+++ INPUT RECORDS +++
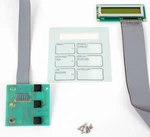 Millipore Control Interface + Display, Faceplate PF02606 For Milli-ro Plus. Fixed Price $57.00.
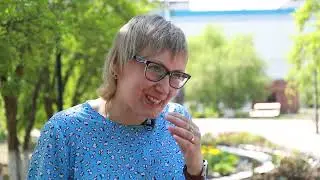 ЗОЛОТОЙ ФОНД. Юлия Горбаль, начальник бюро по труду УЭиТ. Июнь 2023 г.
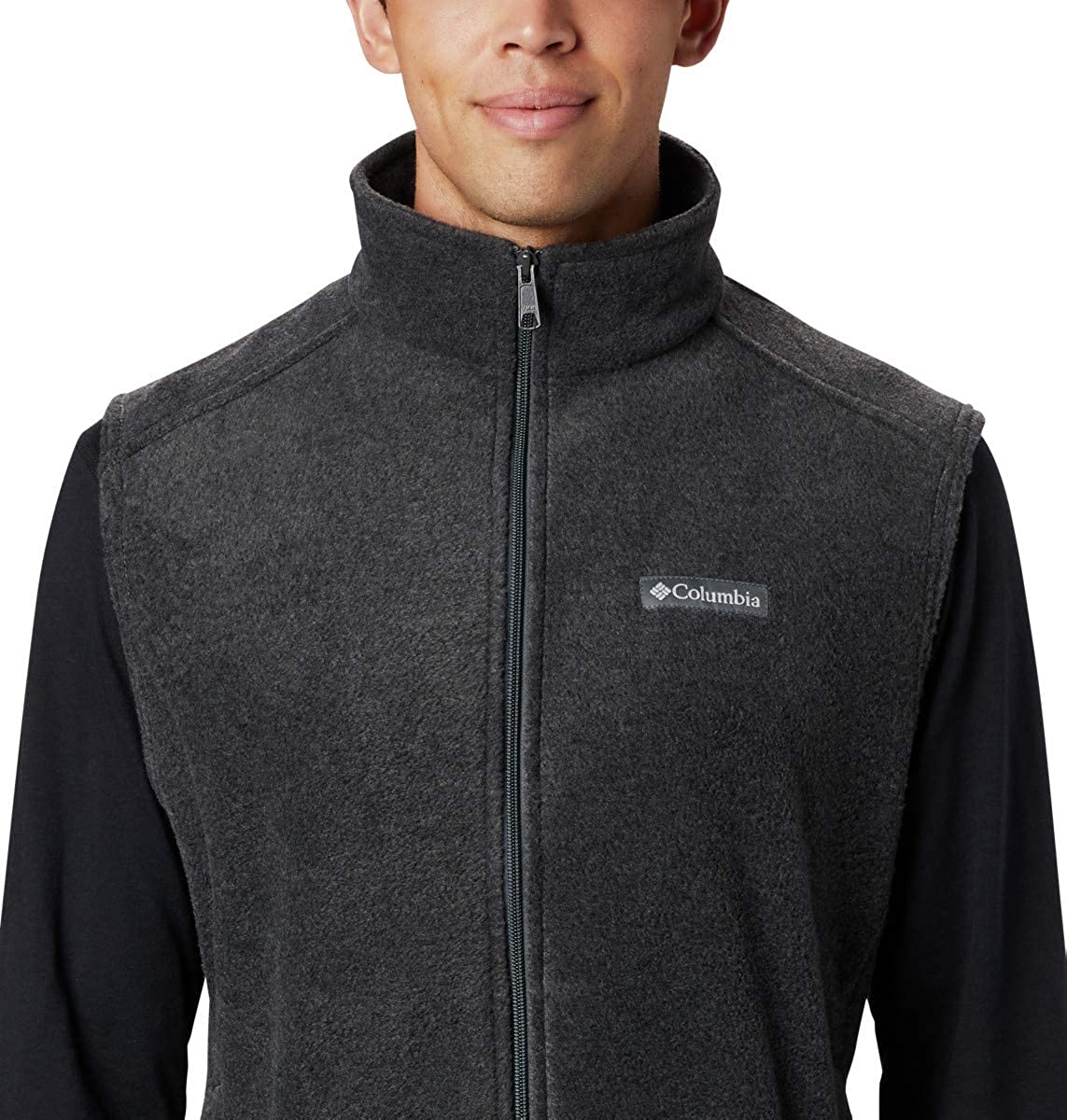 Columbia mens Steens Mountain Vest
+++
+++ INPUT RECORDS +++
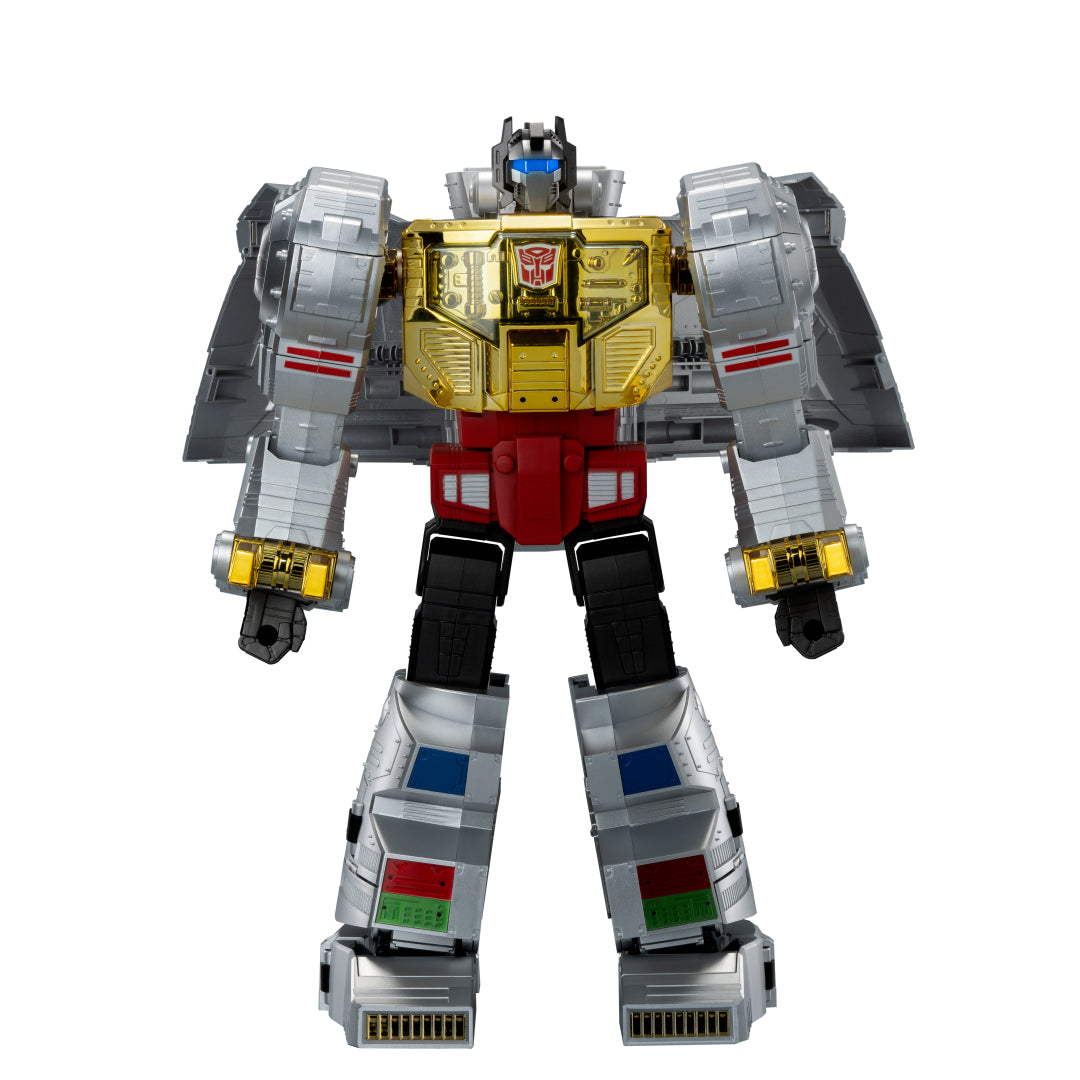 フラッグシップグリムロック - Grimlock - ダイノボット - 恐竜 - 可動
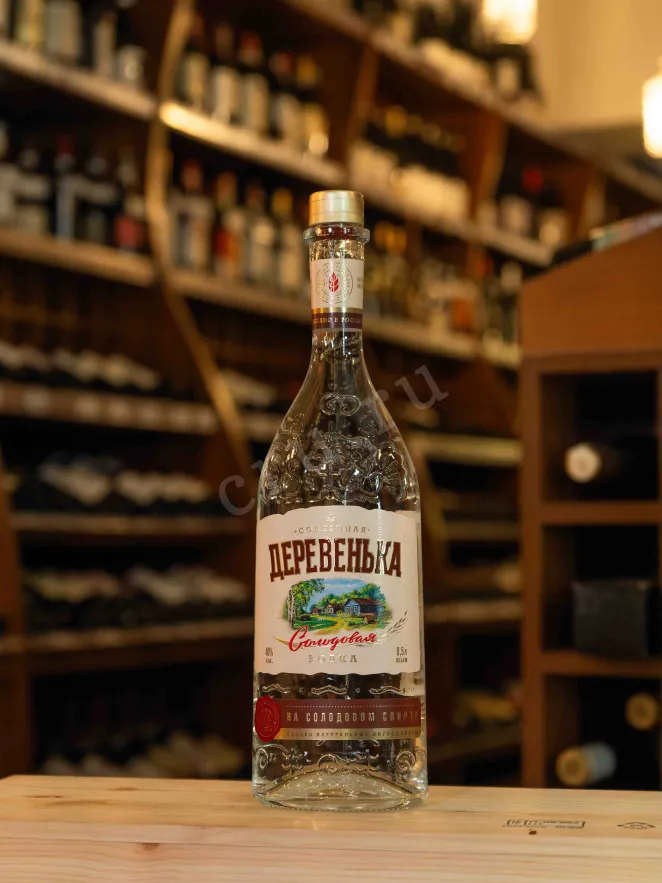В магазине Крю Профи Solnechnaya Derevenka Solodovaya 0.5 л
+++
= WHAT TO PRODUCE =
Since the pictures are not part of the copy, please transcribe only the lines above from the one with "Millipore Control Interface" through the one with "Columbia mens Steens Mountain Vest", exactly and with both ends.

= ANSWER FOR THIS EXERCISE =
 Millipore Control Interface + Display, Faceplate PF02606 For Milli-ro Plus. Fixed Price $57.00.
 ЗОЛОТОЙ ФОНД. Юлия Горбаль, начальник бюро по труду УЭиТ. Июнь 2023 г.
 Columbia mens Steens Mountain Vest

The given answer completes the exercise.